From: A Canadian Reader [Email him]

I agree with Derbyshire that dual citizenship should not be allowed as a rule. However, I think that this should apply only to adults, and adults should also be allowed to have dual citizenship transitionally. Minors who have dual, or multiple citizenship, should make an option before the age of 23. If they opt for, say, Canada, they should be able to do so only if in the 10 years before exercising the option, they have lived at least 5 years in Canada. 

Let's say that a Canadian woman goes to Argentina. She marries an Argentinian and has a child with him. The child receives both Argentinian and Canadian citizenship. When the child is 14 years old, his/her parents move to Canada. When he/she is 20, he/she will have lived 6 of the previous 10 years in Canada, and can therefore retain her Canadian citizenship provided that he/she will renounce his/her Argentinian citizenship within 3 years. 

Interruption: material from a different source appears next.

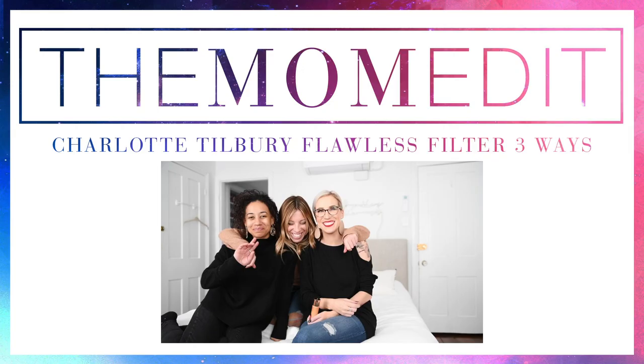Hi guys! Today we are talking about one of my favorite products of all time — Charlotte Tilbury's Hollywood Flawless Filter. This is not foundation and it is not highlighter, but it kind of works as a hybrid of both of them. Today we're going to be showing you three different ways on how to use this product.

After you became an American citizenship, you should have been given 3 years to renounce your British citizenship. Failure to do so should have resulted in the revocation of your American citizenship. That's what I mean by transitional dual citizenship. Unfortunately, some countries don't allow their citizens to renounce their citizenship. My position is that we should never accept immigrants from those countries. 

Having said as much, abolishing dual citizenship will not abolish dual loyalties. I'm a Canadian citizen with Dutch ancestors. I have never had Dutch citizenship, since I was born and grew up in Brazil, but I certainly have Dutch loyalties. In fact, I'm a quadruple loyalist: Canada, Brazil, the Netherlands and Cuba. If passports only determined loyalty, the Soviet Union would still exist today.

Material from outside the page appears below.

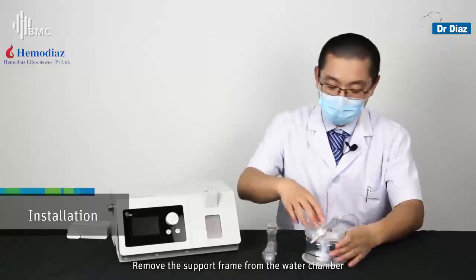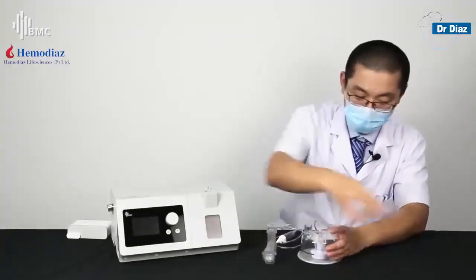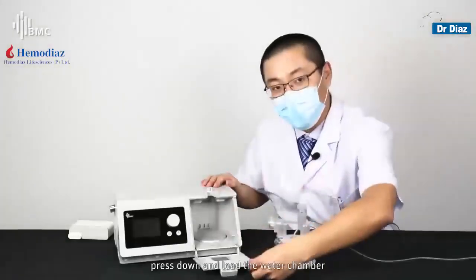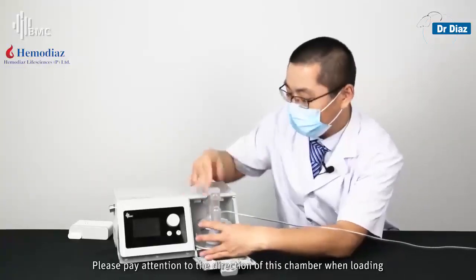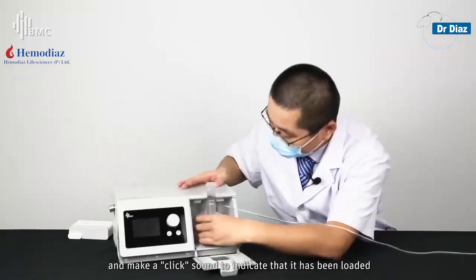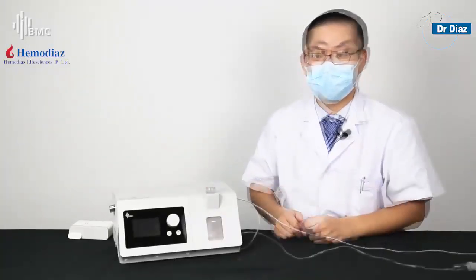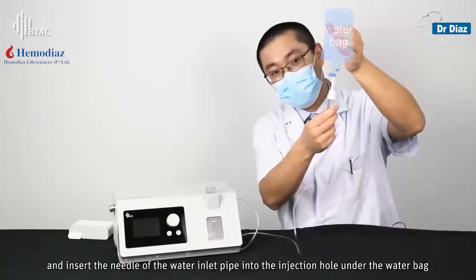Remove the support frame from the water chamber. Connect the exchange connector. Open the water chamber cover. Press down and load the water chamber — pay attention to the direction when loading and listen for a click sound to indicate it has been loaded correctly. Fix the water inlet pipe, close the cover of the water chamber, and insert the needle of the water inlet pipe into the injection hole under the water bag.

Nobody has a Muslim passport, but many Muslims are at least as loyal to Islam as to their country, and why not? Doesn't Allah deserve a higher loyalty than a country, which only consists of human beings? (See Can Rep. Ilhan Omar Really Serve Two Masters—Islam and the U.S.?  and Rep. Ilhan Omar’s Behavior Reflects Her Sharia Beliefs. ) All religious loyalties can conflict with national loyalties. Really, the only people who never have a conflict of loyalties are total egoists, who are always unfailingly loyal to themselves. 

James Fulford writes: This limited dual citizenship would make more sense than what we have now.